The producers of The Hobbit movie say they are considering filming the J R R Tolkien adaptation elsewhere after an actors' union called for a boycott of the film.
The Media, Entertainment and Arts Alliance (MEAA) said makers of The Hobbit had refused to enter into a union-negotiated agreement and advised members not to accept work on the project because actors may be employed on inferior non-union contracts.
New Line, Warner Bros Pictures and MGM, said in a statement today their general policy was to avoid filming in locations where "there is a potential for work force uncertainty or other forms of instability".
"As such, we are exploring all alternative options in order to protect our business interests."
This follows warnings from film executive producer Sir Peter Jackson, who at the weekend disputed the union's claims, calling it an "Australian bully-boy."
He said that the dispute could lead to The Hobbit films being made in eastern Europe and the makers of other big-budget movies turning their backs on New Zealand.
Sir Peter would not comment on the production companies' latest release.

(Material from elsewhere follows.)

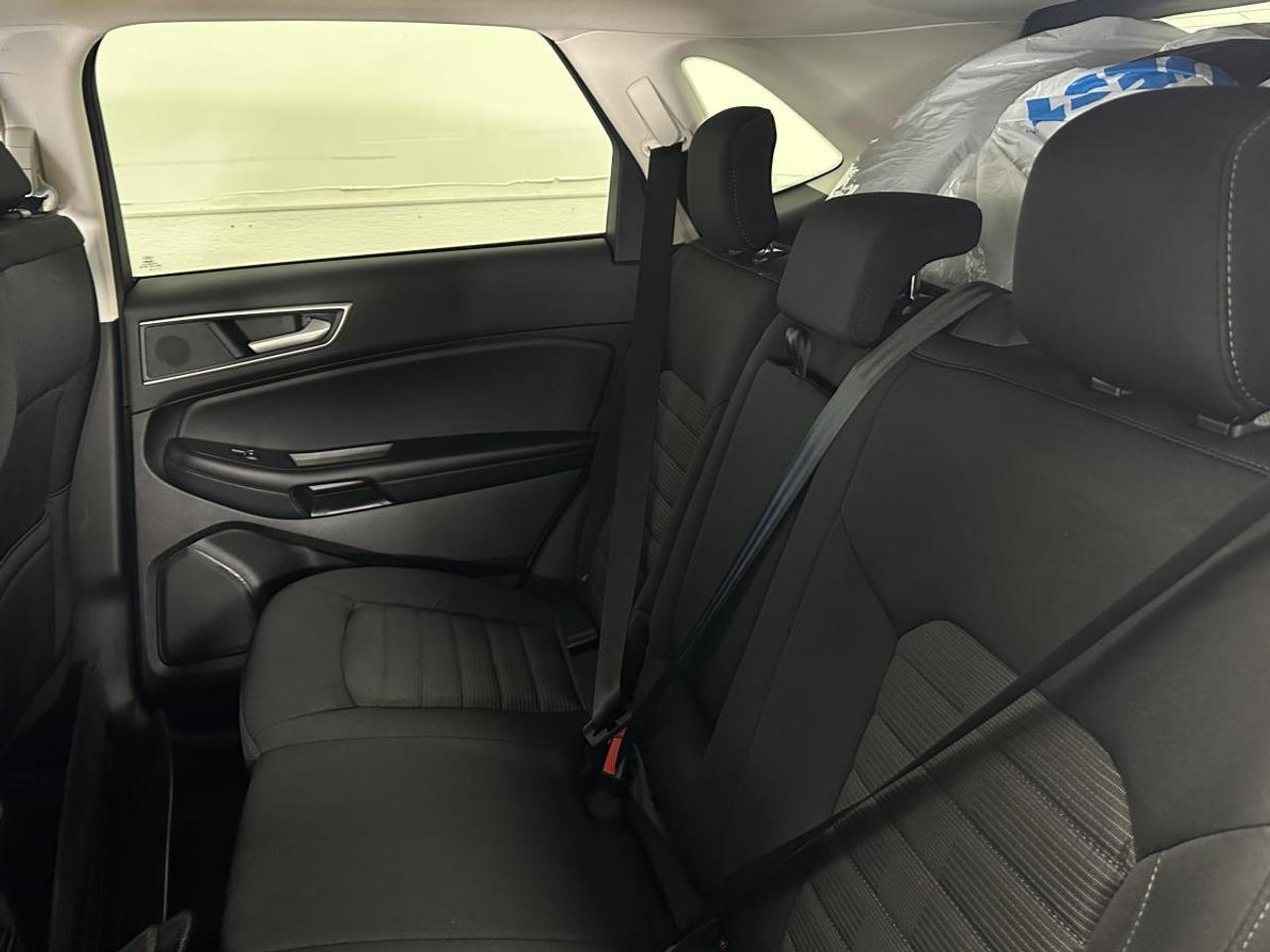 2024 Ford Edge SEL AWD - 74KM/NAVI/PWR HEATER/KEYLESS START/OFF 1 OWNER LEASE! Photo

But NZ Actors Equity president Jennifer Ward-Lealand said the union had no intention of jeopardising production of The Hobbit, but it had been trying to meet the producers for over a month.

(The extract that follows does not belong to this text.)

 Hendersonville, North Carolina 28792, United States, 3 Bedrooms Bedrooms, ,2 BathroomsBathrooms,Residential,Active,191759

"NZ Actors Equity is concerned that local actors working on the production receive a fair and equitable contract, just as their international colleagues will do. This is only fair."
NZ Actors Equity told NZPA members were meeting in Auckland at 7pm today to discuss how they would like to proceed.
The production companies said allegations made by the union were baseless and unfair to Sir Peter and his Wellington team - "to classify the production as "non-union" is inaccurate".
"The cast and crew are being engaged under collective bargaining agreements where applicable and we are mindful of the rights of those individuals pursuant to those agreements."
"And while we have previously worked with MEAA ... the fact remains that there cannot be any collective bargaining with MEAA on this New Zealand production, for to do so would expose the production to liability and sanctions under New Zealand law."
"This legal prohibition has been explained to MEAA. We are disappointed that MEAA has nonetheless continued to pursue this course of action."
Film industry bodies said the dispute could be potentially very damaging to New Zealand's international reputation.
Screen Production and Development Association of New Zealand chief executive Penelope Borland said it was not legal for a production company to enter into collective bargaining with MEAA/Equity, or any other labour organisation regarding performers who were independent contractors.
She said The Pink Book, to which NZ Actors' Equity is a party, had operated successfully for more than 15 years and specified standard terms and conditions.
New Zealand Film Commission chief executive Graeme Mason said major films provide employment, training opportunities, production experience, and international exposure for New Zealanders.
"It's critical this issue be resolved before it damages the film industry and the wider economic environment we operate within."